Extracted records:
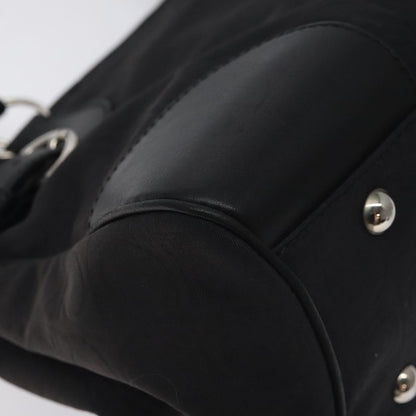 Salvatore Ferragamo Gancini handbag Nylon, BLACK, NYLON, Handbag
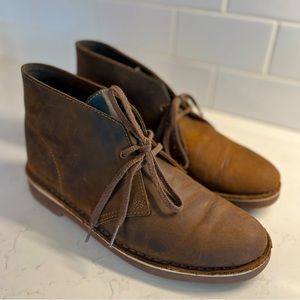 Men’s Clarks Bushacre 3 Lightweight Chukka Boots - Size:  8.5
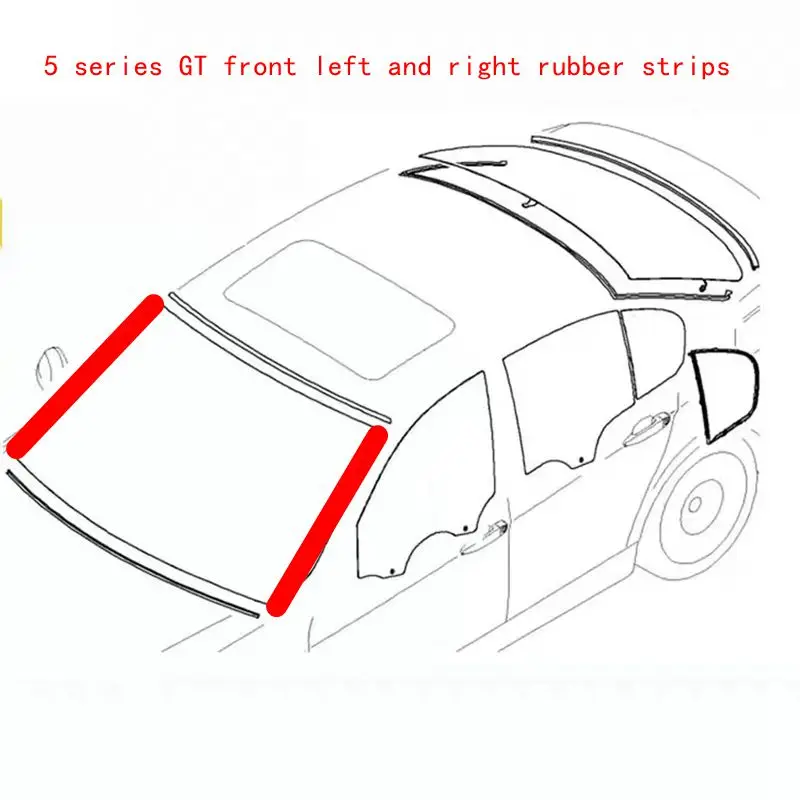 Применим для BMW 5 серии F10 F18 520i 528i 530i 535i GT клейкая лента на лобовое стекло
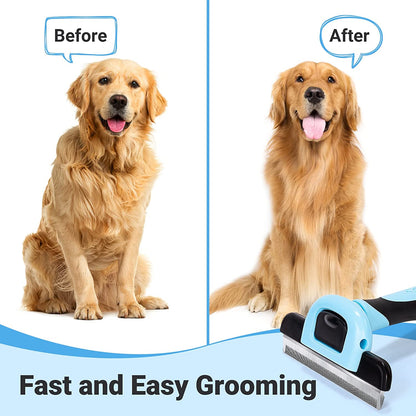 MIU COLOR Pet Grooming Brush, Deshedding Tool for Dogs & Cats-Effectively Reduces Shedding by up to 95% for Short Medium and Long Pet Hair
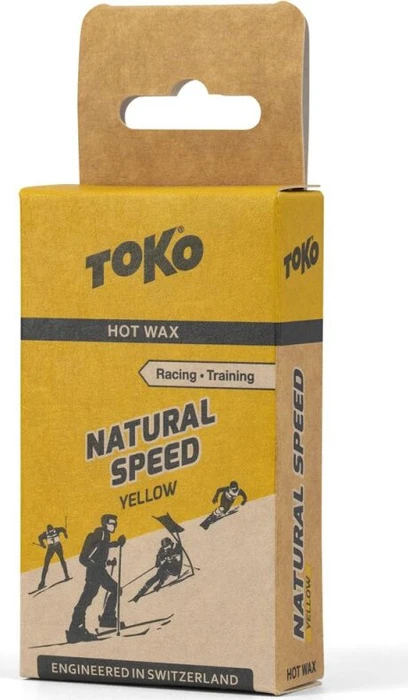 Toko Natural Speed Hot Wax Gleitwax 40g Wachs gelb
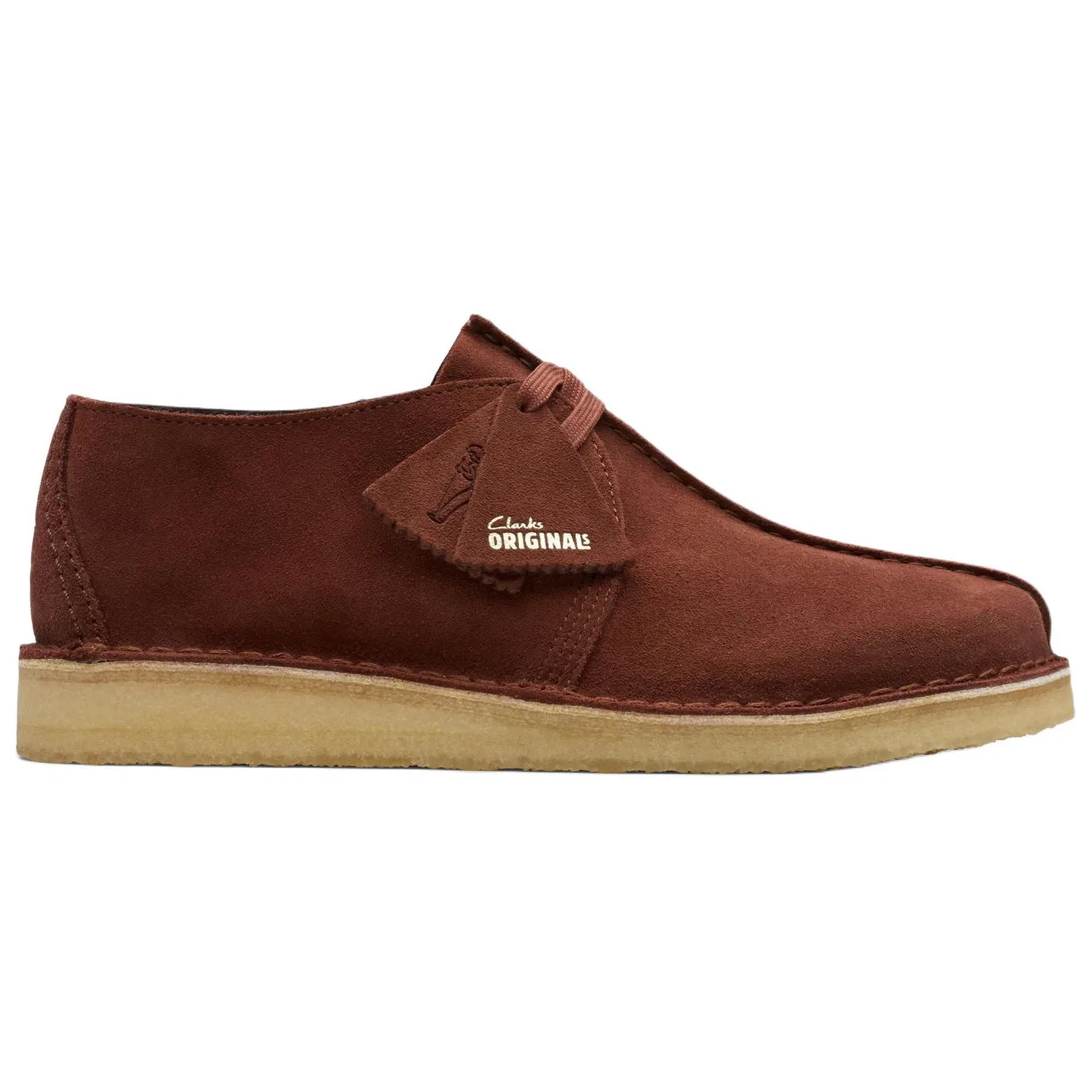 Ботинки шнурованные пустынные Clarks коричневые — фото 3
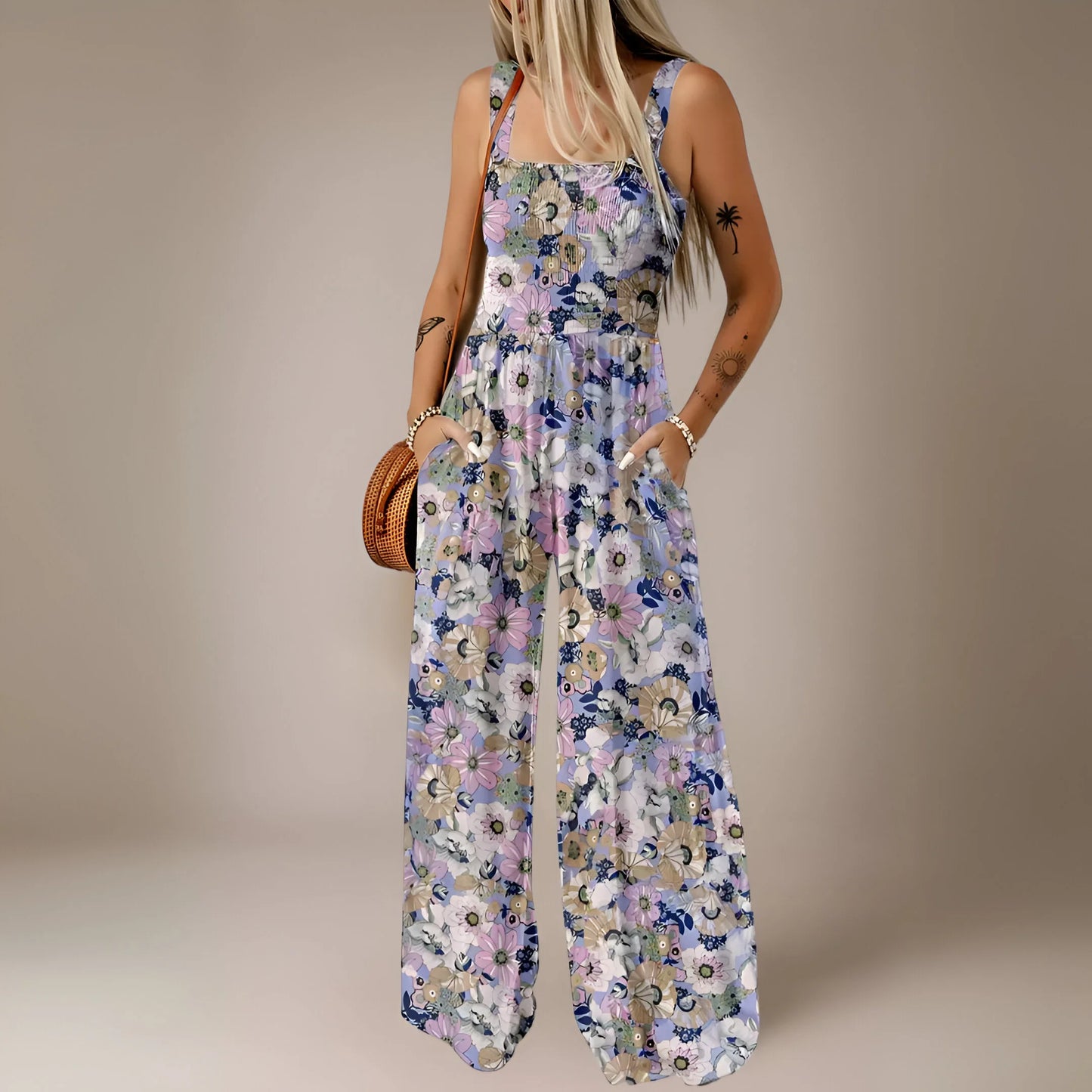 Manon – Flared Floral Muse Jumpsuit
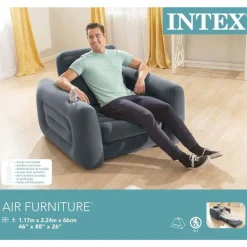 Intex Opblaasbare en Uitklapbare Loungestoel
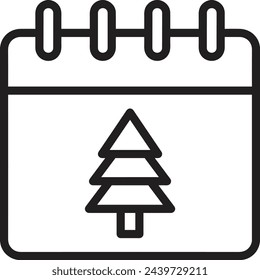 Calendar icon symbol vector image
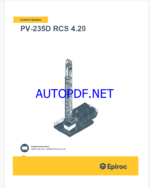 Epiroc PV-235D RCS 4.20 Pit Viper Control System Manual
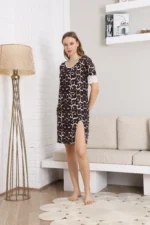 KOSZULA NOCNA DAMSKA model: 0210-V6 (2XL, 3XL, 4XL, 5XL) - obrazek 2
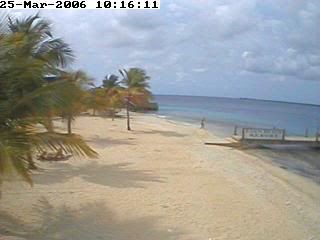 Still a little cloudy, but that beach sure looks inviting today!!!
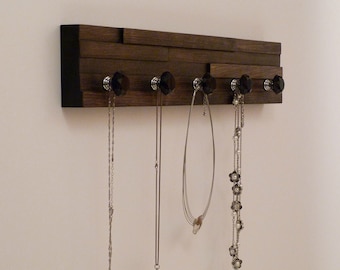 Organizador de joyas de 20 pulgadas/5 perillas, soporte para collares, soporte para pulseras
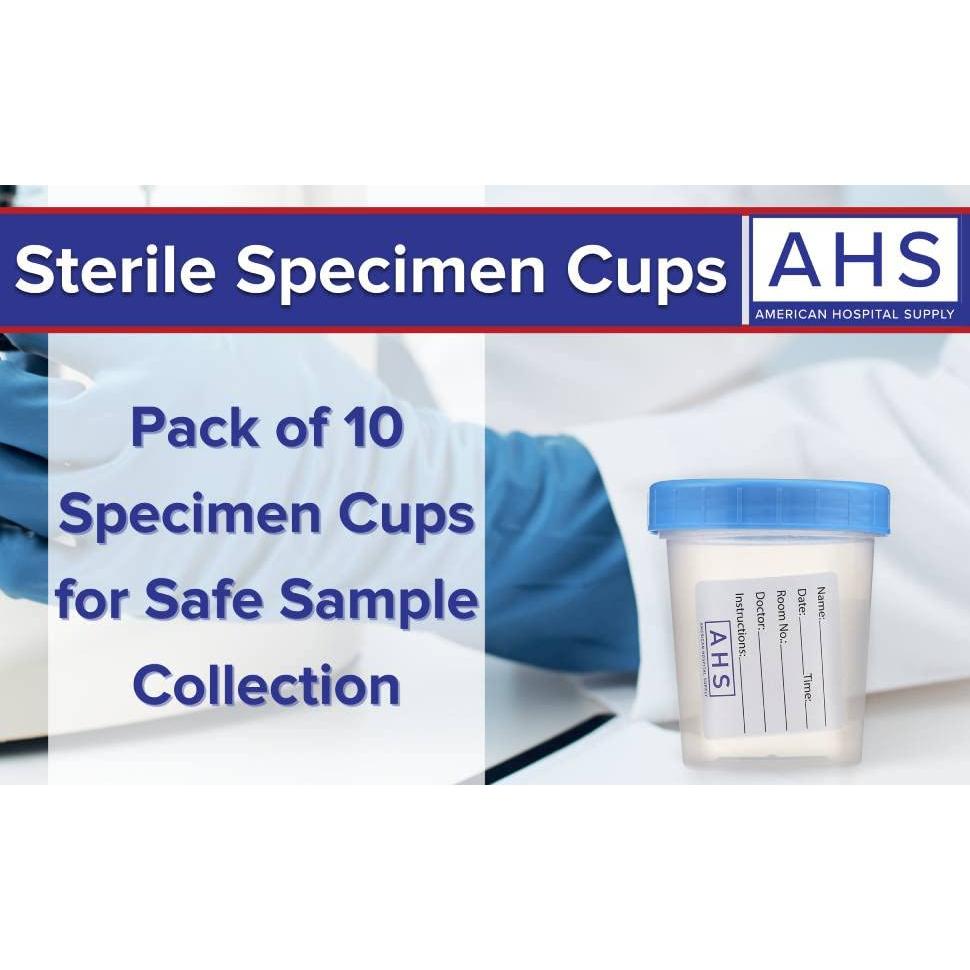 Copas de Muestra Estériles AHS 113.4 ml - Paquete de 10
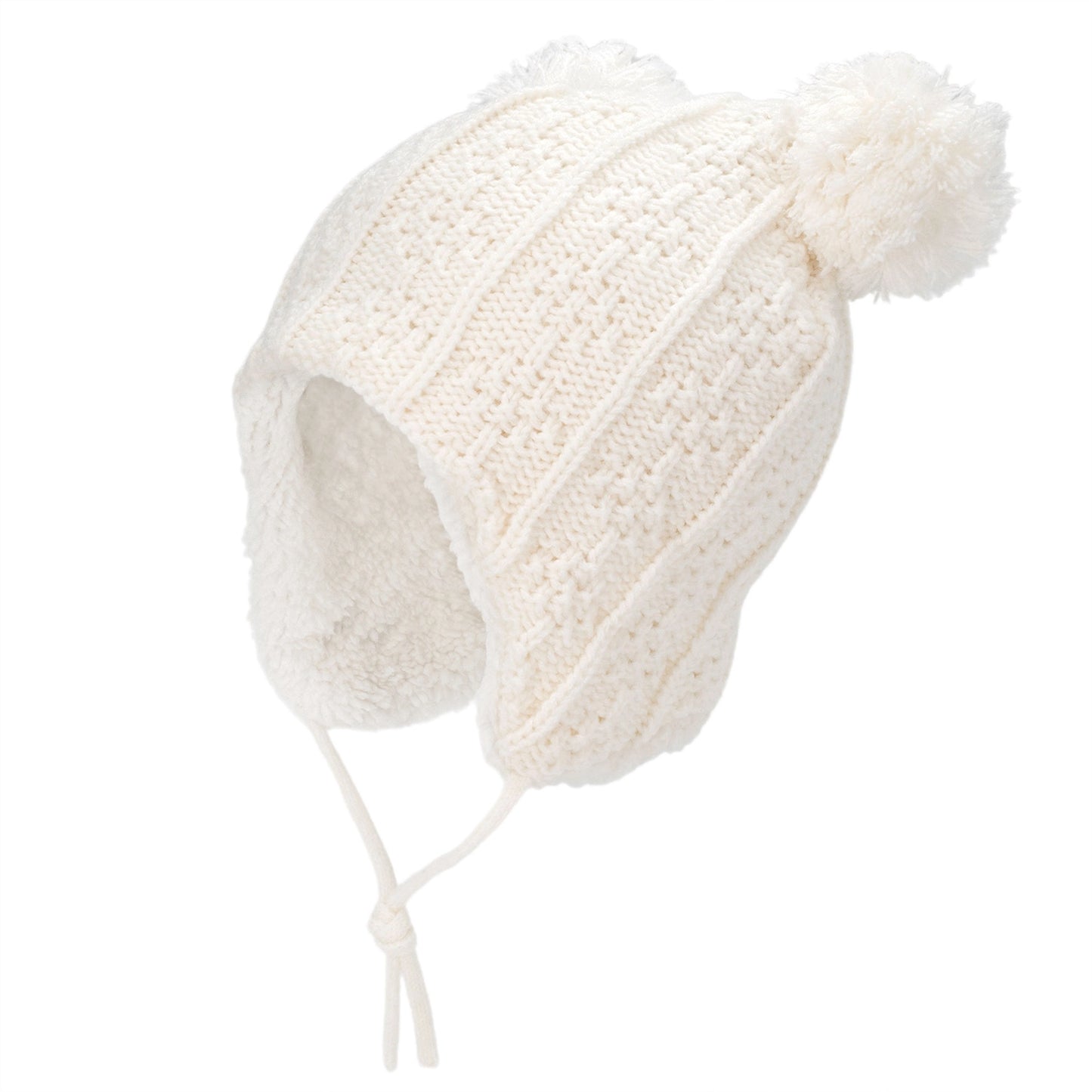 Cream Bear | Knit Bear Beanies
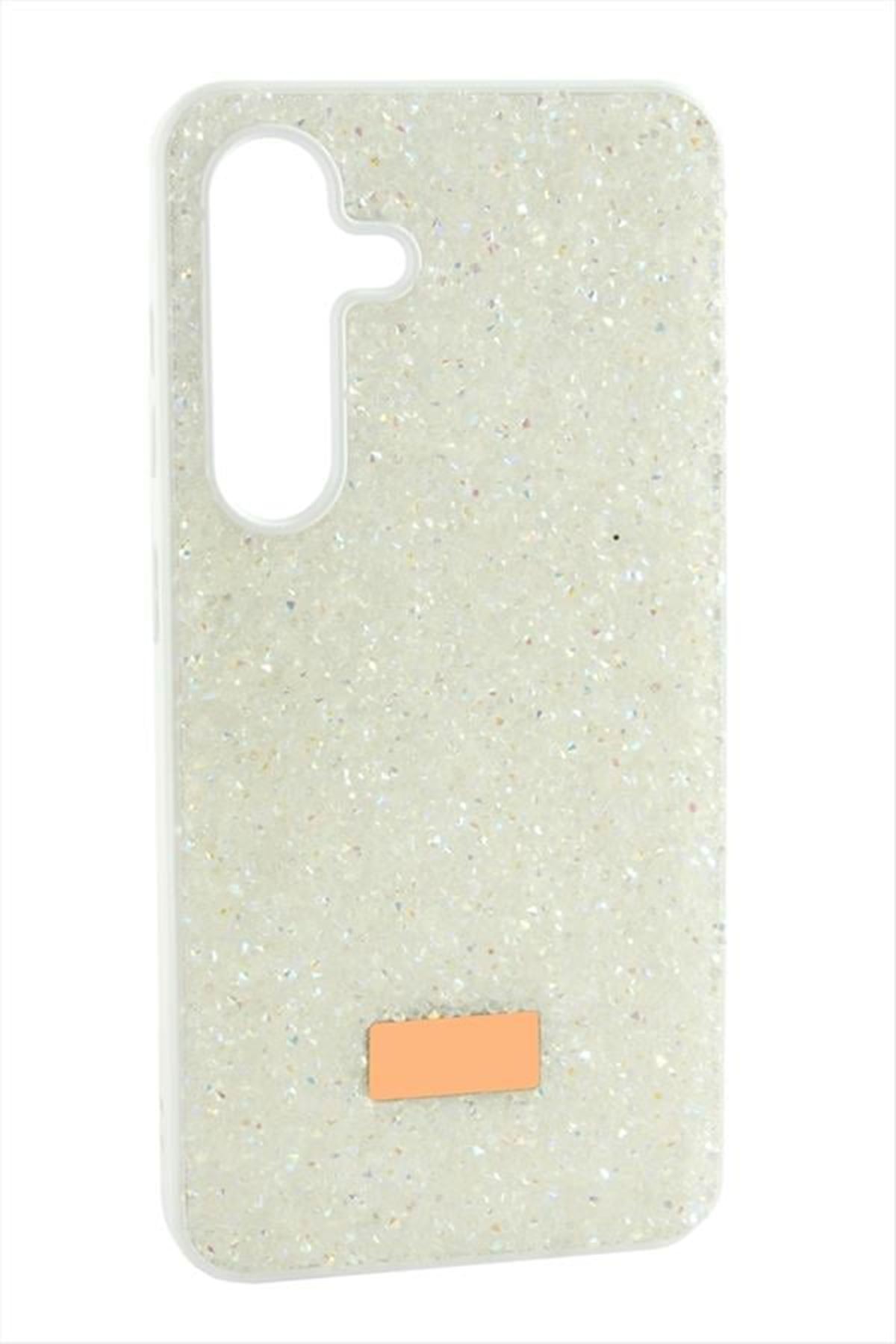 Samsung Galaxy S24 Taşlı Kapak Kılıf - Beyaz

Task brief: Word for word, restate the lines above from the first through the one that contains "KOSZULA NOCNA DAMSKA", and exclude all pictures.

Answer for the task:
 Salvatore Ferragamo Gancini handbag Nylon, BLACK, NYLON, Handbag
 Men’s Clarks Bushacre 3 Lightweight Chukka Boots - Size:  8.5
 Применим для BMW 5 серии F10 F18 520i 528i 530i 535i GT клейкая лента на лобовое стекло
 MIU COLOR Pet Grooming Brush, Deshedding Tool for Dogs & Cats-Effectively Reduces Shedding by up to 95% for Short Medium and Long Pet Hair
 Toko Natural Speed Hot Wax Gleitwax 40g Wachs gelb
 Ботинки шнурованные пустынные Clarks коричневые — фото 3
 Manon – Flared Floral Muse Jumpsuit
 Intex Opblaasbare en Uitklapbare Loungestoel
 Calendar icon symbol vector image
 Epiroc PV-235D RCS 4.20 Pit Viper Control System Manual
 KOSZULA NOCNA DAMSKA model: 0210-V6 (2XL, 3XL, 4XL, 5XL) - obrazek 2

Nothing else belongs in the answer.